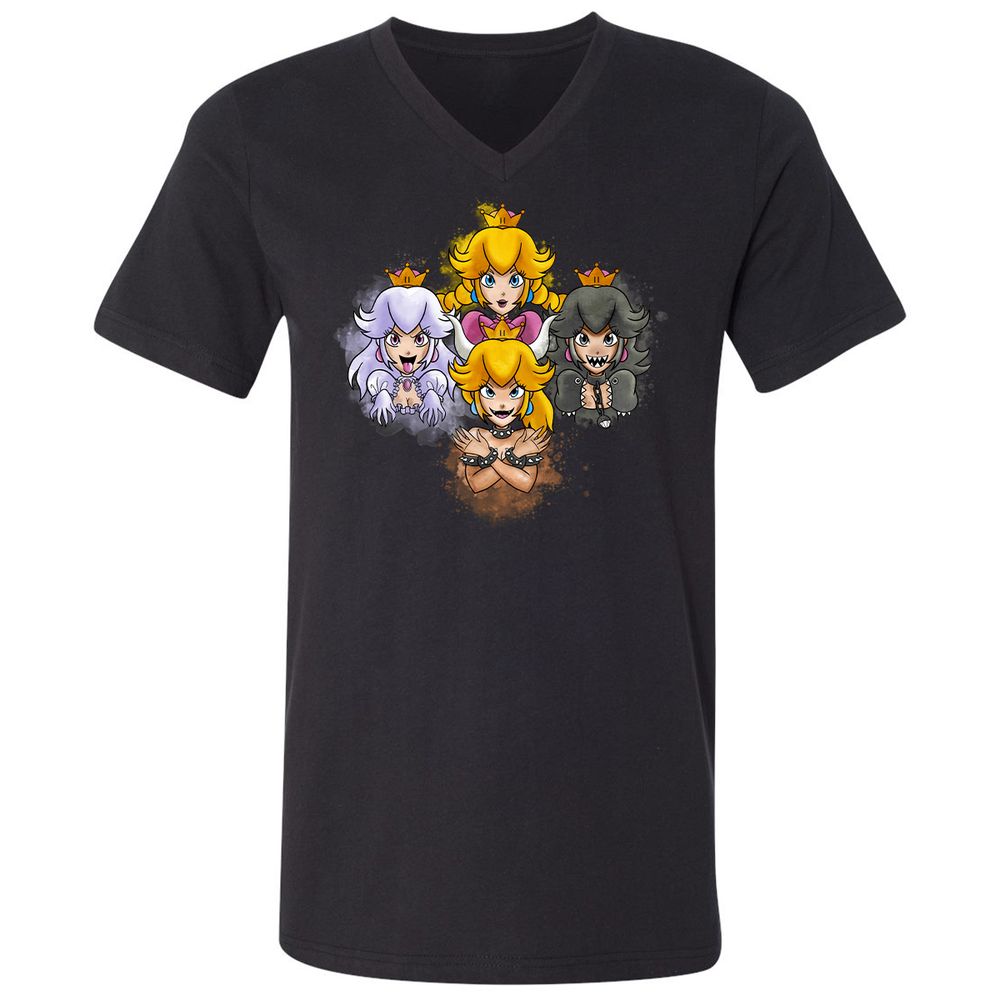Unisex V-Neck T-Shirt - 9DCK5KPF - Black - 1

+-------+

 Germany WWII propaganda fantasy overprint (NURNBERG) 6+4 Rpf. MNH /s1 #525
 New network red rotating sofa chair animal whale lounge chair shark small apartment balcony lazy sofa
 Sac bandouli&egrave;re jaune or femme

+-------+

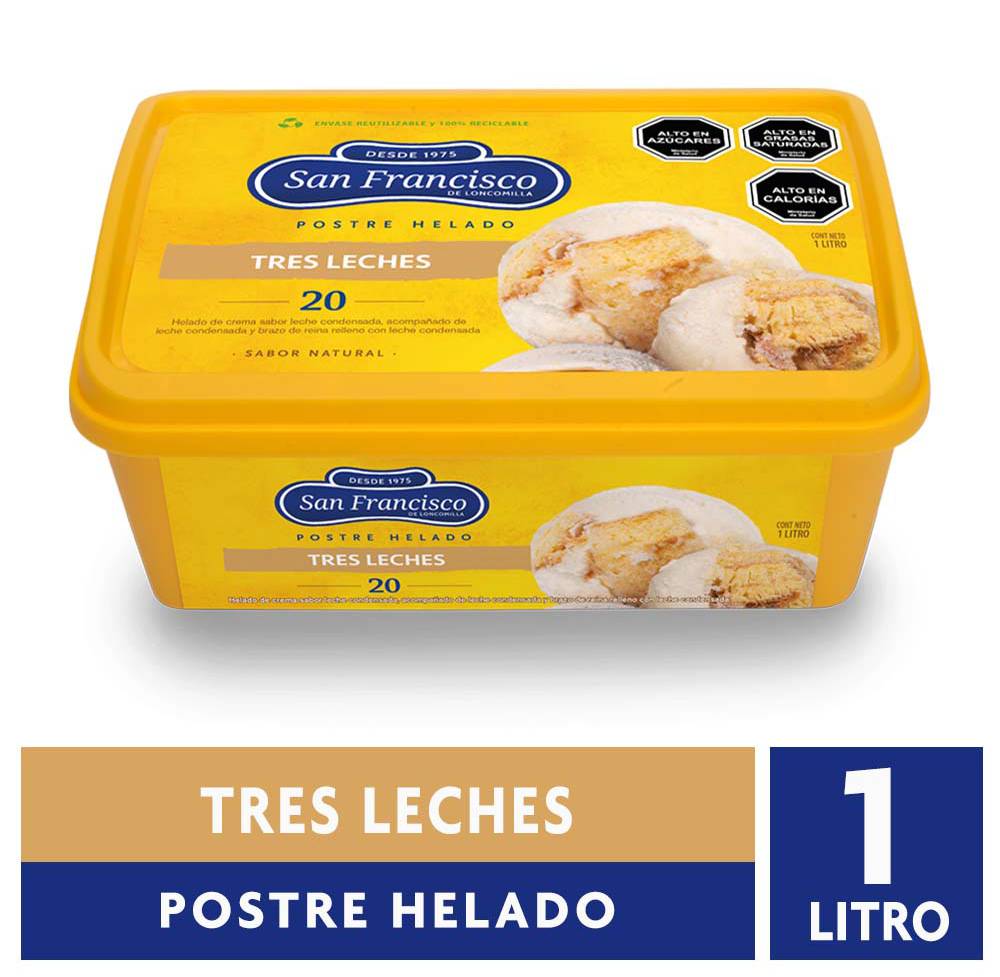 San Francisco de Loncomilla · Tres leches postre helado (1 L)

+-------+

PROBLEM DESCRIPTION.
Within the material above, the line with "Germany WWII propaganda" opens the range and the line with "Sac bandouli&egrave;re jaune or femme" closes it; reproduce that range word for word.

SOLUTION FOR THIS PROBLEM.
 Germany WWII propaganda fantasy overprint (NURNBERG) 6+4 Rpf. MNH /s1 #525
 New network red rotating sofa chair animal whale lounge chair shark small apartment balcony lazy sofa
 Sac bandouli&egrave;re jaune or femme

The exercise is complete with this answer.